Smoking at work costs Taiwan $US1bn

Researchers in Taiwan are advocating a total ban on smoking at work to avoid an estimated $US1bn loss in productivity—0.36% of its total gross domestic product in 2000. Reducing smoking in the working population should be a cost effective way to raise national productivity, they believe.

The total estimate of 1032m encompassed $184m/year for excess sick days among smokers: 1.06/year—cost $178m—for men and 1.21/year—$6m—for women. Estimated costs of $81m resulted from sickness absence in non-smokers owing to effects of environmental tobacco smoke and $34m from occupational injuries. A staggering $733m was the direct result of time lost in smoking breaks: on average 72 hours/year for men and 48 hours/year for women.

How close these are to true costs is open to question, the researchers concede, as the human capital method they used to calculate lost productivity, in which value equates to wage/salary, can overestimate costs.

The calculations rely on data from previous studies, but the contribution of potential confounders cannot be assessed.

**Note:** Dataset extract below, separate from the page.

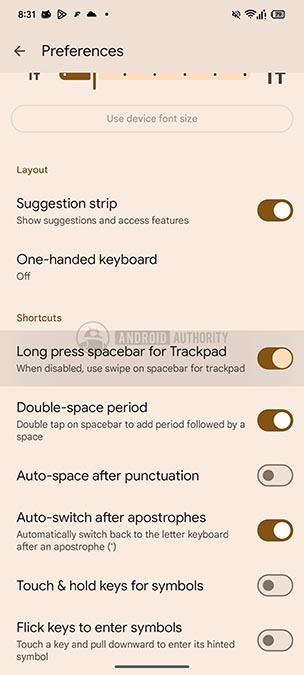 Gboard v17.7.4.932364120 ベータ版 - トラックパッド AA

A possible candidate could be an effect of drug and alcohol use in greater sickness absence among smokers, the researchers say, and education, socioeconomic state, diet, and occupational factors may operate.

Nevertheless, smoking probably has a big impact on productivity, given that two million of Taiwan’s four million smokers are in the working population, and it is surprising that more financial costings have not been published. Smoking bans exist in public places in Taiwan, but companies operate their own smoking policies.